FIG. 4 is a magnetic flux density distribution diagram of an example and a comparative example.

FIG. 5 is a diagram illustrating a partial cross section showing an example of a conventional electromagnet (Comparative example 1).

FIG. 6 is a diagram illustrating a partial cross section showing an example (Example 2) in which the positional relationship between the superconducting bulk and the ferromagnetic material is changed in the present invention.

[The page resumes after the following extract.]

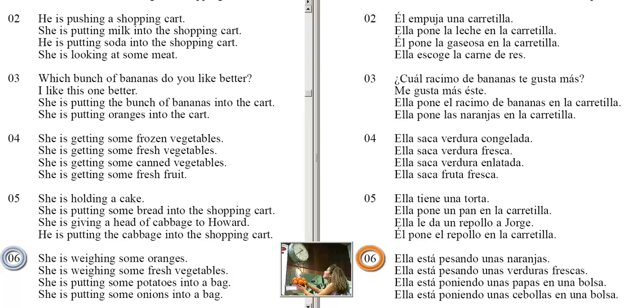She is weighing some oranges. She is weighing some fresh vegetables. She is putting some potatoes into a bag. She is putting some onions into a bag.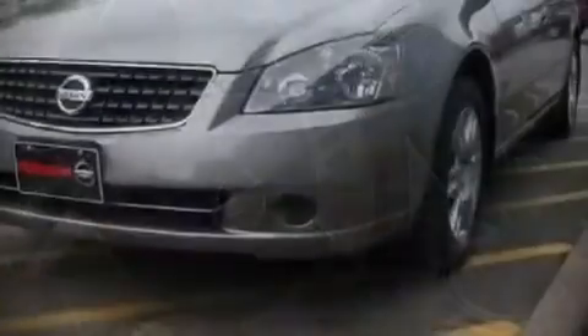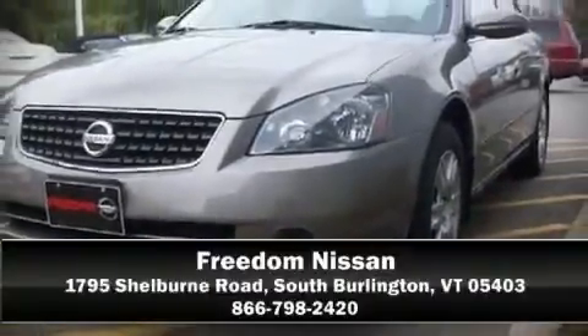It also arrives with a Carfax history report, including just one previous owner. Are you ready to experience this vehicle for yourself? Call now and schedule a test drive.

FIG. 7 is a diagram illustrating a partial cross section showing an example (Comparative Example 2) in which the positional relationship between the superconducting bulk and the ferromagnetic material is changed in the present invention.

[Explanation of symbols]

1 ... Y-Ba-Cu-O-based superconducting bulk, 2 ... electromagnet, 3 ... ferromagnetic material frame, 4 ...
Frozen container, 5 ... Liquid nitrogen,
6 ... space, 7 ... heat insulating material,
8 ... current bus bar, 9 ... current lead,
10 ... Support mechanism.

Claims (2)

[Claims] 1. An electromagnet comprising a copper wire, an aluminum wire or a superconducting wire, wherein the superconducting bulk installed on the magnetic circuit of the generated magnetic field is magnetized by the electromagnet to become a permanent magnet, thereby generating a magnetic field generated by the electromagnet and the superconducting bulk. A magnetic field generation method using a superconducting bulk, characterized in that a strong magnetic field is generated by superimposing the superconducting bulk and an object to which the magnetic field is applied by superimposing a stronger magnetic field. 2. An electromagnet comprising a copper wire, an aluminum wire or a superconducting wire, wherein the magnetic field is concentrated on the superconducting bulk and the superconducting bulk and the object to which the magnetic field is applied, which is installed on the magnetic circuit of the generated magnetic field and is initially magnetized by the electromagnet. As described above, a magnetic field generator characterized by arranging a superconducting bulk made into a permanent magnet in which a magnetic circuit is constituted by a ferromagnetic frame.